Ende des Quotenschummels
Nutzerzahlen und Berichterstattung von Spiegel Online und Focus
Online vom 1. Januar - 30. November 2000
Media Tenor-Forschungsbericht, 8. Jahrg. Nr. 104, 15. Januar 2001
Von Daniel Sturm
Mit seinem sarkastischen-nörgelnden Ton,
so ein gängiges Vorurteil, macht sich der Spiegel so richtig nur
bei Sozialkundelehrern beliebt. Ganz anders als sein medialer Gegenspieler
Focus scheint er brav in der angestammten Rolle des skeptischen Beobachters
zu verharren, der für die "New Economy" allenfalls durch
Ironie-Signale abgesicherte Lobesworte aufbringt. Es würde also
ganz gut ins Bild passen, daß es der Spiegel auch in seiner Online-Ausgabe
auf nur 25 Millionen Zugriffe im Monatsdurchschnitt bringt. Bis Juni
galt sein Gegenspieler Focus Online als das meist gelesene Online-Medium
mit 190 Millionen Seitenaufrufen im Monat. Dann änderte sich das
Zählverfahren und Focus Online stürzte ab.
Im Juli geriet die Top Ten der beliebtesten Internetzeitschriften durcheinander:
Das lag daran, daß die Informationsgemeinschaft zur Feststellung
der Verbreitung von Werbeträgern (IVW) ein neues Zählverfahren
einführte, um größere Klarheit bei der Ermittlung der
Online-Nutzung zu erreichen. Attestierte die IVW Focus Online noch im
Juni über 190 Millionen sogenannte "Page Impressions",
sank die Zugriffsrate im September auf nurmehr ein Achtel der Summe,
läppische 25 Millionen Zugriffe. Wie konnte es sein, daß
Focus Online monatelang unangefochtener Spitzenreiter unter den Online-Medien
war und die Nummer Zwei Coupe, die es mit der Veröffentlichung
nackter Tatsachen auf immerhin 62 Millionen Page Impressions gebracht
hatte, locker um 300 Prozent überflügelte, schließlich
so jäh abstürzte?
Hinter Focus Online steckte zu diesem Zeitpunkt nicht die Online-Version
der Zeitschrift Focus, sondern vor allem das Auktionshaus E-Bay und
der Autohändler Autoscout24. Schlüsselte man die Einzelangebote
auf, so entfielen nur rund 30 Millionen Seitenabrufe auf die Online-Ausgabe
des Magazins Focus. Der Löwenanteil geht mit rund 132 Millionen
Seitenabrufen auf das Auktionshaus E-Bay.

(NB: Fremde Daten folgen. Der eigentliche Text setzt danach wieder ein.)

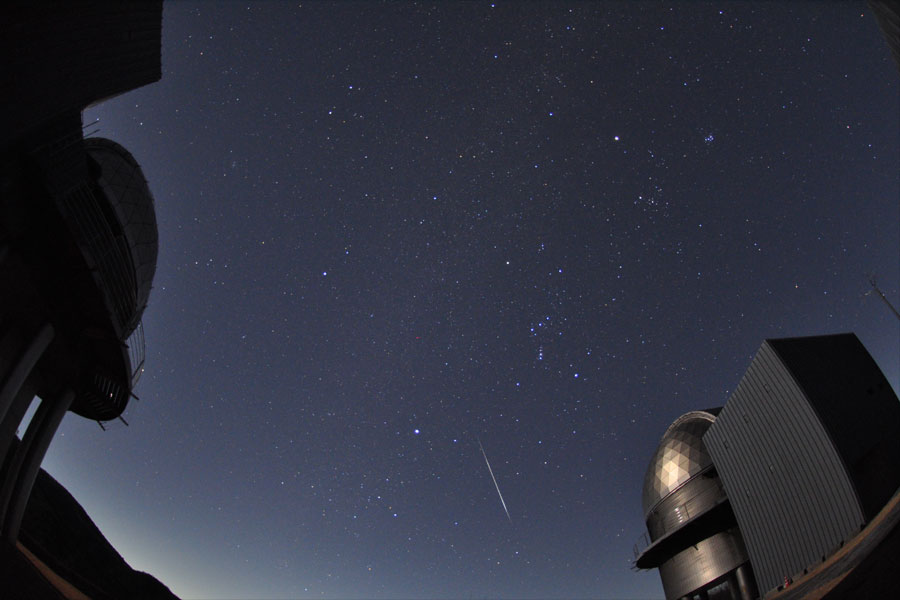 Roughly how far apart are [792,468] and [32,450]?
1097 inches

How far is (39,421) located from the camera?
14211 mm

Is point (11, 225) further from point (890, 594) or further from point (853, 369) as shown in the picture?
point (853, 369)

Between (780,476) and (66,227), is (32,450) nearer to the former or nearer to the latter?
(66,227)

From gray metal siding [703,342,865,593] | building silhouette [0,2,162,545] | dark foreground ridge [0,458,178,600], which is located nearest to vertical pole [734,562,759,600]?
gray metal siding [703,342,865,593]

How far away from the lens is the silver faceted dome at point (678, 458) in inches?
895

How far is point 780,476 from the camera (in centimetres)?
1565

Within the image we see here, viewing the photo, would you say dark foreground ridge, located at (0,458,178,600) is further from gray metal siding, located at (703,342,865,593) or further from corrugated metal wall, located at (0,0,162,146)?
gray metal siding, located at (703,342,865,593)

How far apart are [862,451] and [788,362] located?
11.1ft

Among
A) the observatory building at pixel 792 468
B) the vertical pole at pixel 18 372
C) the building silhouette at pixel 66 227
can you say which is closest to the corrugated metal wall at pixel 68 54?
the building silhouette at pixel 66 227

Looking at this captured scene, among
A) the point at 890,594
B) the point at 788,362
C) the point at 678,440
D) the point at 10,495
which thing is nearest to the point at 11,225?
the point at 10,495

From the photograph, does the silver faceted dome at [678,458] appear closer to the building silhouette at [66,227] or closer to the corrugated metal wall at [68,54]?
the building silhouette at [66,227]

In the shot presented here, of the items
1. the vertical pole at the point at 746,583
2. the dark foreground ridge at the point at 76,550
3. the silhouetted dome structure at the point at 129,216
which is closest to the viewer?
the silhouetted dome structure at the point at 129,216

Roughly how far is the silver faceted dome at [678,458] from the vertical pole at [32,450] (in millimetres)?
29190

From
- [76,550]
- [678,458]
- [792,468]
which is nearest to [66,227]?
[76,550] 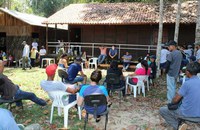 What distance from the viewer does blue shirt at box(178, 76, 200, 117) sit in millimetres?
4250

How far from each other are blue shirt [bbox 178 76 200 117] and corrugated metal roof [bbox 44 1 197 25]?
10905 millimetres

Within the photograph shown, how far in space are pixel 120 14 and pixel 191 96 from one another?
42.8 feet

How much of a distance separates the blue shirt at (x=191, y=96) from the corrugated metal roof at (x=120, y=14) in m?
10.9

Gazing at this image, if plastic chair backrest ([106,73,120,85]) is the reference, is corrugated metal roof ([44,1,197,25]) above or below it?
above

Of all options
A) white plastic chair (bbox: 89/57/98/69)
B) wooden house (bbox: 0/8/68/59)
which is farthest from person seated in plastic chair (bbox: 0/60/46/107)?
wooden house (bbox: 0/8/68/59)

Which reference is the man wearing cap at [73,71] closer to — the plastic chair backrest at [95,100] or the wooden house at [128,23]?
the plastic chair backrest at [95,100]

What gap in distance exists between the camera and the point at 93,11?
1806 cm

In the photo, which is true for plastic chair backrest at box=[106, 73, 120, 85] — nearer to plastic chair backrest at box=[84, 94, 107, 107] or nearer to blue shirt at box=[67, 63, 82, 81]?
blue shirt at box=[67, 63, 82, 81]

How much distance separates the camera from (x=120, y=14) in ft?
54.8

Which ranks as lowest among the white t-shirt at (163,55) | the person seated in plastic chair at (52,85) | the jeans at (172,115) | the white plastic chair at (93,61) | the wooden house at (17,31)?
the jeans at (172,115)

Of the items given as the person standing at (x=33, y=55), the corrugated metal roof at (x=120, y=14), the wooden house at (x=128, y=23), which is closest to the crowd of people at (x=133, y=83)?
the corrugated metal roof at (x=120, y=14)

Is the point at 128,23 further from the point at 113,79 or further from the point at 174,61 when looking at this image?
the point at 174,61

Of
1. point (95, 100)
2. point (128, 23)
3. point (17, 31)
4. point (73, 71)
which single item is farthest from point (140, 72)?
point (17, 31)

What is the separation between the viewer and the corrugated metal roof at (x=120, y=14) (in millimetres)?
15173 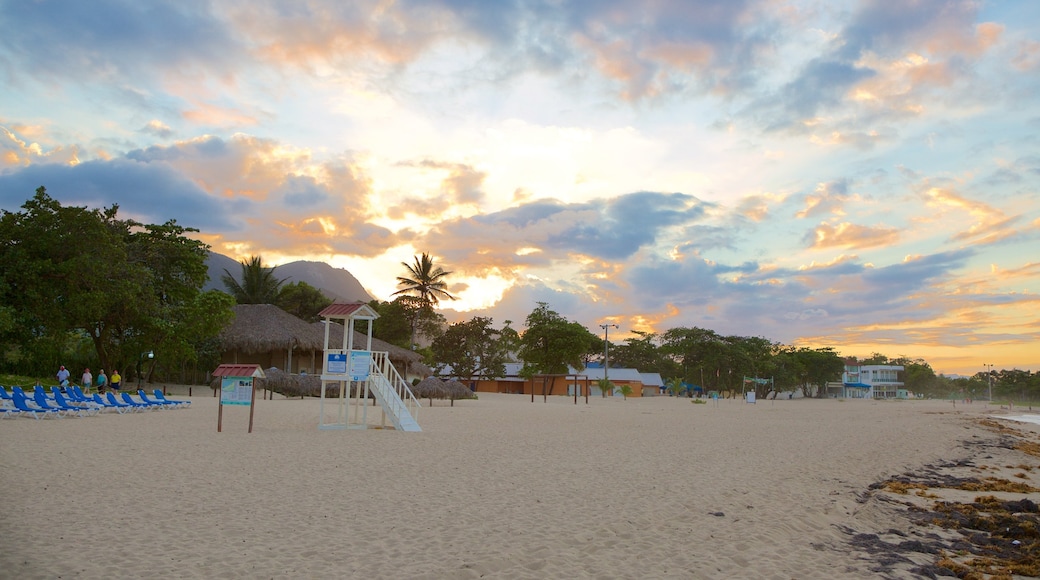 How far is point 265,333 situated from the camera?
38000 millimetres

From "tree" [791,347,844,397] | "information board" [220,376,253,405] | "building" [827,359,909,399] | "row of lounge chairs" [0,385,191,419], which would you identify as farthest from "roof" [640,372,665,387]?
"information board" [220,376,253,405]

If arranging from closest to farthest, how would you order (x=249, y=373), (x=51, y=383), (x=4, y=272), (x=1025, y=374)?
(x=249, y=373) < (x=4, y=272) < (x=51, y=383) < (x=1025, y=374)

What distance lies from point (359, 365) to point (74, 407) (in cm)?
783

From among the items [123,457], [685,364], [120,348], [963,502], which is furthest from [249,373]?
[685,364]

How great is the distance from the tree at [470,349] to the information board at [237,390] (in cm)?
4342

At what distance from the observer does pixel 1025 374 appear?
98375 mm

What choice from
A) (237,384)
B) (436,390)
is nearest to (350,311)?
(237,384)

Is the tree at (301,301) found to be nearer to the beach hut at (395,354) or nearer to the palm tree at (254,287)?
the palm tree at (254,287)

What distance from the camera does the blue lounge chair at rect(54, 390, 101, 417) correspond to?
57.2 ft

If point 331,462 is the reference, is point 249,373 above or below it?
above

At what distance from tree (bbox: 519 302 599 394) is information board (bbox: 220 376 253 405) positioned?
3996 centimetres

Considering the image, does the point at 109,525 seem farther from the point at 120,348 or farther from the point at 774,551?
the point at 120,348

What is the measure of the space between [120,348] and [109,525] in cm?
2867

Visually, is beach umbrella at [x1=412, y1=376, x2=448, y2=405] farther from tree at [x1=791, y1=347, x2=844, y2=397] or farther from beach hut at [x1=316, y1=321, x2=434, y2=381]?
tree at [x1=791, y1=347, x2=844, y2=397] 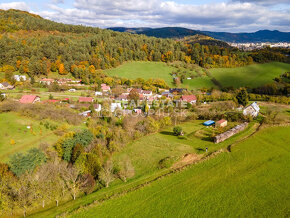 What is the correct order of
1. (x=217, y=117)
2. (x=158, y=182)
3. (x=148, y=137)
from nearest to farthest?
(x=158, y=182) → (x=148, y=137) → (x=217, y=117)

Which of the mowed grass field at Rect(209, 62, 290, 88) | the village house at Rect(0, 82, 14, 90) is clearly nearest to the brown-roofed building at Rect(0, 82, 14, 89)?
the village house at Rect(0, 82, 14, 90)

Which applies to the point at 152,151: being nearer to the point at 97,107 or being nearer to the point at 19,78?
the point at 97,107

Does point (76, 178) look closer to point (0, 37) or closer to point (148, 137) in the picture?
point (148, 137)

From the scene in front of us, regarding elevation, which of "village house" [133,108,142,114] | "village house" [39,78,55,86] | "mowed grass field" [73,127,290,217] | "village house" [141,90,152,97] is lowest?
"village house" [141,90,152,97]

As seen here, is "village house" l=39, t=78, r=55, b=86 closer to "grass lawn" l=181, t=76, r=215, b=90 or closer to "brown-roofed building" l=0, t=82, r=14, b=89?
"brown-roofed building" l=0, t=82, r=14, b=89

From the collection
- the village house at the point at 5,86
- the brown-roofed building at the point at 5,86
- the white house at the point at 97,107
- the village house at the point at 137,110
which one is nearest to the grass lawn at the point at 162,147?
the village house at the point at 137,110

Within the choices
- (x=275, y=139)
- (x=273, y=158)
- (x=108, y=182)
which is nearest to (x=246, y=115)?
(x=275, y=139) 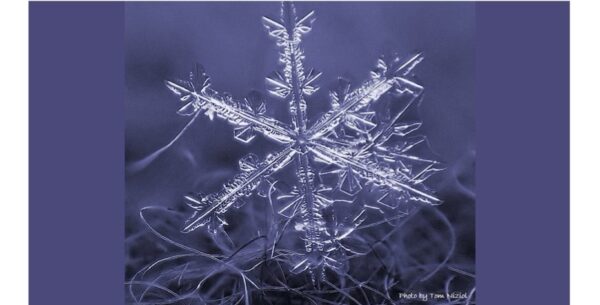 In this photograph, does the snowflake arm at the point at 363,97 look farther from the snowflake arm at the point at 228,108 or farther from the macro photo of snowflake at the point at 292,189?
the snowflake arm at the point at 228,108

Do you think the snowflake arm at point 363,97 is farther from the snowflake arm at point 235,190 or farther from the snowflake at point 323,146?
the snowflake arm at point 235,190

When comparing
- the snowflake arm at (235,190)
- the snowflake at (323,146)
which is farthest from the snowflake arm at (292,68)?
the snowflake arm at (235,190)

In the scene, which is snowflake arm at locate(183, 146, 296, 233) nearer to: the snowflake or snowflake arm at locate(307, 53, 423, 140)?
the snowflake

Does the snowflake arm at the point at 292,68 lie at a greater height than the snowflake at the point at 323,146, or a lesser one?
greater

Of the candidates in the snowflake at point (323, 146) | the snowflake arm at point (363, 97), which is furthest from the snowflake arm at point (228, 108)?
the snowflake arm at point (363, 97)

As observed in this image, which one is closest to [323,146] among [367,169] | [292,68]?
[367,169]

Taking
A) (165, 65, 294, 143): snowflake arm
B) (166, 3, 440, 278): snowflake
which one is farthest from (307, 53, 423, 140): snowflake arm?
(165, 65, 294, 143): snowflake arm

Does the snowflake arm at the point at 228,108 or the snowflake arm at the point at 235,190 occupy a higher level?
the snowflake arm at the point at 228,108

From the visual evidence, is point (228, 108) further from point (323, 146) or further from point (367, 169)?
point (367, 169) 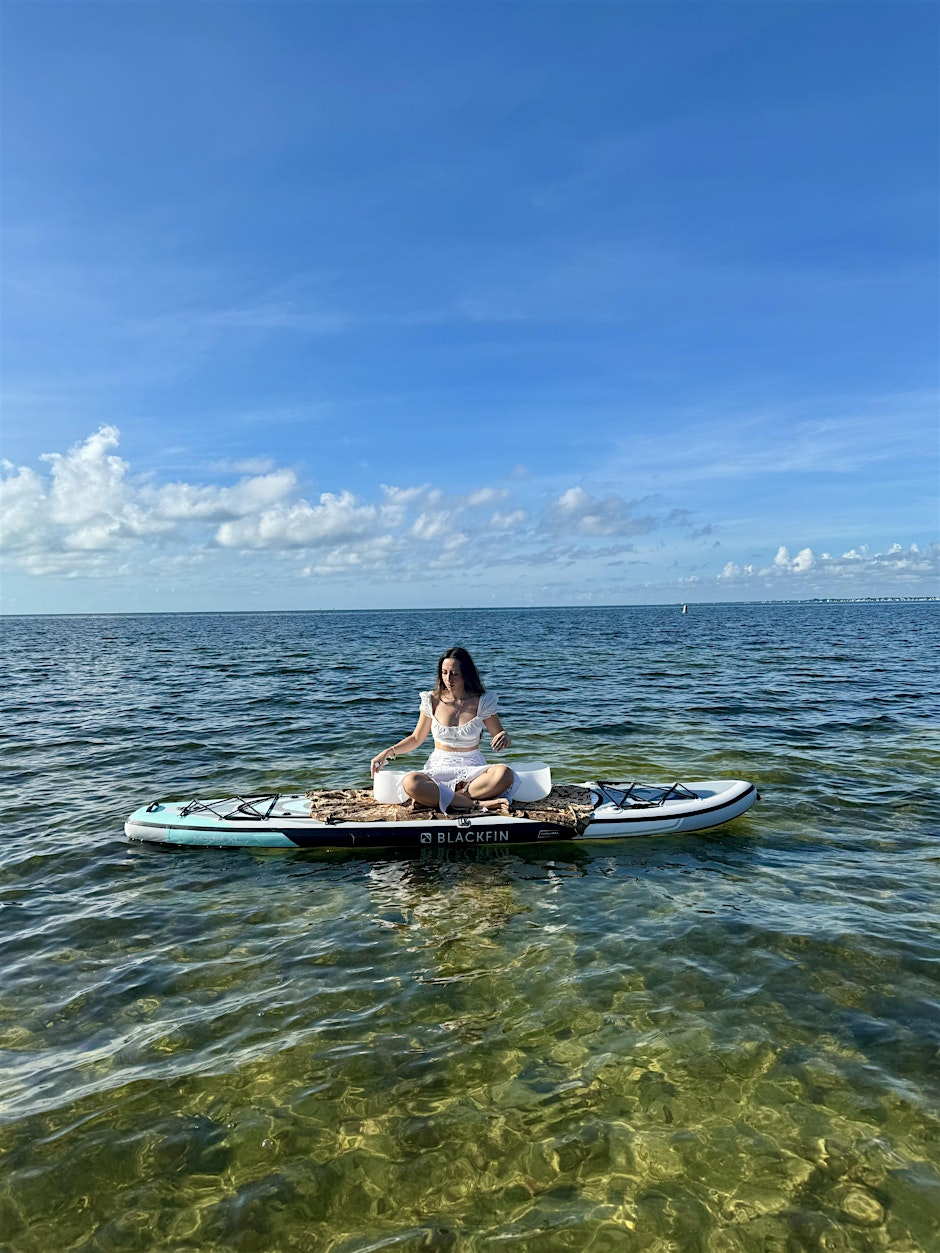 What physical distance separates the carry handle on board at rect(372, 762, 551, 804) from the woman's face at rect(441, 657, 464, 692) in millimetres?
1561

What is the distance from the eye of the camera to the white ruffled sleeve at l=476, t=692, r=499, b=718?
33.8ft

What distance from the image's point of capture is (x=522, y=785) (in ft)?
35.1

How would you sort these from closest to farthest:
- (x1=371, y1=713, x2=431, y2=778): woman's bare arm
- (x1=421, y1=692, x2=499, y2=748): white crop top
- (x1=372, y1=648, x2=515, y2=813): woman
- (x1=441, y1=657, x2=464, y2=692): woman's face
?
(x1=441, y1=657, x2=464, y2=692): woman's face < (x1=372, y1=648, x2=515, y2=813): woman < (x1=421, y1=692, x2=499, y2=748): white crop top < (x1=371, y1=713, x2=431, y2=778): woman's bare arm

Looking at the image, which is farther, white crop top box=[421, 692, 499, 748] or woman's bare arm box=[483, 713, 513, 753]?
white crop top box=[421, 692, 499, 748]

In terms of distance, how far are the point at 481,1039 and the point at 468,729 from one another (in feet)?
16.2

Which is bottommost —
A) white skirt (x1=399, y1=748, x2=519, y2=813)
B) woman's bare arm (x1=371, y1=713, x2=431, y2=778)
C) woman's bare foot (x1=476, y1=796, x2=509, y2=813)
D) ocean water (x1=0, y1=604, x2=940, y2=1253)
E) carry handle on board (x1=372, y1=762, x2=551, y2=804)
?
ocean water (x1=0, y1=604, x2=940, y2=1253)

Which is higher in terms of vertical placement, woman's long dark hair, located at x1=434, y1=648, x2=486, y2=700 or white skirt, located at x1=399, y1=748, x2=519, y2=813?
woman's long dark hair, located at x1=434, y1=648, x2=486, y2=700

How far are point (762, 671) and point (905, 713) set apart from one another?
12596 mm

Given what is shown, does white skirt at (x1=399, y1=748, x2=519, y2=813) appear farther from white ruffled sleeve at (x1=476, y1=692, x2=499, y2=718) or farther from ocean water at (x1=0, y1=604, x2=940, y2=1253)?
ocean water at (x1=0, y1=604, x2=940, y2=1253)

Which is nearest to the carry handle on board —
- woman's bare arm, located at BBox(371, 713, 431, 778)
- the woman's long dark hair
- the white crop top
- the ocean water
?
woman's bare arm, located at BBox(371, 713, 431, 778)

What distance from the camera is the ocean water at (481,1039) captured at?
13.9 feet

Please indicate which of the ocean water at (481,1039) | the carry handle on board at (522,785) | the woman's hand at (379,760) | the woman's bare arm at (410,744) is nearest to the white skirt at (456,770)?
the carry handle on board at (522,785)

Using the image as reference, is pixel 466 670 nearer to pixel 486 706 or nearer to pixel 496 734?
pixel 486 706

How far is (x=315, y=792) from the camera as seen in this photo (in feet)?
37.6
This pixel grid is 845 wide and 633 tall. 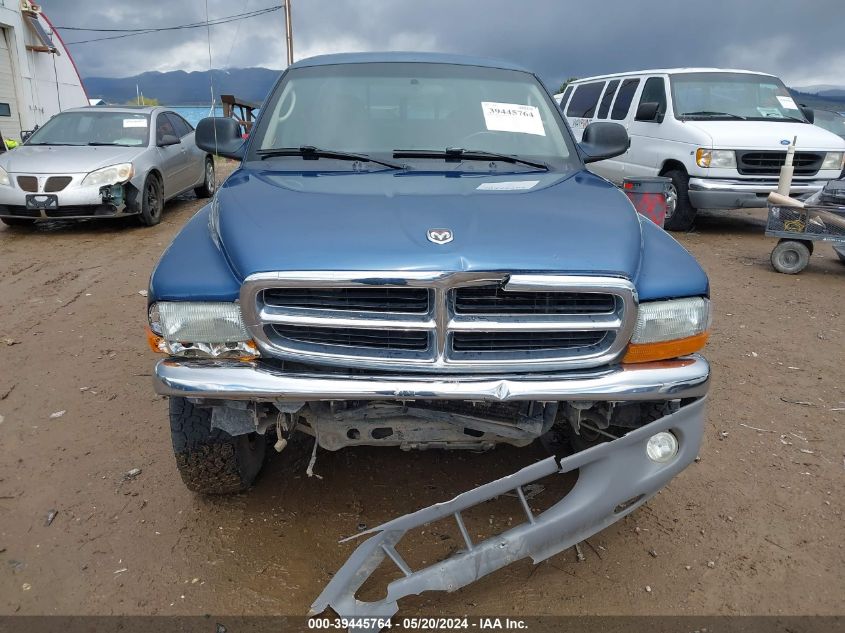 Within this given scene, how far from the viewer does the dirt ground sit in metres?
2.39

Die IVW entschloß sich
- den Wirklichkeitssinn der Werbeindustrie im Nacken - solcherlei Quoten-Schummel
nicht mehr länger tatenlos zuzuschauen und die Nutzungszahlen von
Focus Online aufs realistische Normalmaß zu schrumpfen. Netzwerke
wie die, die man durch die Homepage von Focus Online findet, müssen
nun seit Juli alle Einzelangebote innerhalb einer Kooperation, die über
eine eigene Adresse im Internet verfügen, samt Nutzungszahlen bei
der IVW ausweisen.
In den beiden darauffolgenden Monaten rückte Focus Online erst
einmal nicht mit den Zahlen heraus, um im September gewissermaßen
ohne großes Aufsehen "bei Null" anfangen zu können.
Focus Online mußte auch nicht als einziges Internet-Magazin Federn
lassen. Die Verfolger Coupe und Praline, die sich immerzu mit Seitenabrufen
von Netzwerkpartnern geschmückt hatten, verloren ebenfalls Auflage
aufgrund der neuen Transparenz. Die IVW zählt einen "Page
Visit", wenn ein Nutzer Kontakt mit einer bestimmten Webadresse
aufnimmt. "Page Impressions" sind bei der IVW die Summe der
Abrufe inhaltlicher Angebote des Internetauftritts. Beide Werte zusammen
vermitteln laut IVW einen Eindruck von der Intensität, mit der
ein Text-Angebot genutzt wird.
Seit der Umstellung des Zählverfahrens, das vom Interactive Advertising
Center in München im Auftrag der IVW geleitet wird, nähern
sich die Nutzungszahlen des Online-Pärchens an (siehe Grafik auf
S. 17 oben). Während Focus Online in den Monaten September und
Oktober noch "leicht" vorne lag - gemessen an dem um rund
190 Millionen Zugriffe hochgeschummelten Vorsprung im Juni -, zog Spiegel
Online an seinem Konkurrenten im November erstmals vorbei, was die gezählten
Page Impressions angeht.
Nachdem nun halbwegs faire Spielregeln hergestellt sind, geht der Wettbewerb
um das bessere Online-Angebot unter realistischen Bedingungen weiter.
Eine signifikante Aussage darüber, welche der beiden Internetzeitschriften
in der Rubrik Wirtschaft quantitativ die Nase vorne hatte, kann der
Medien Tenor nach Analyse der von ihm analysierten Datenlage fällen.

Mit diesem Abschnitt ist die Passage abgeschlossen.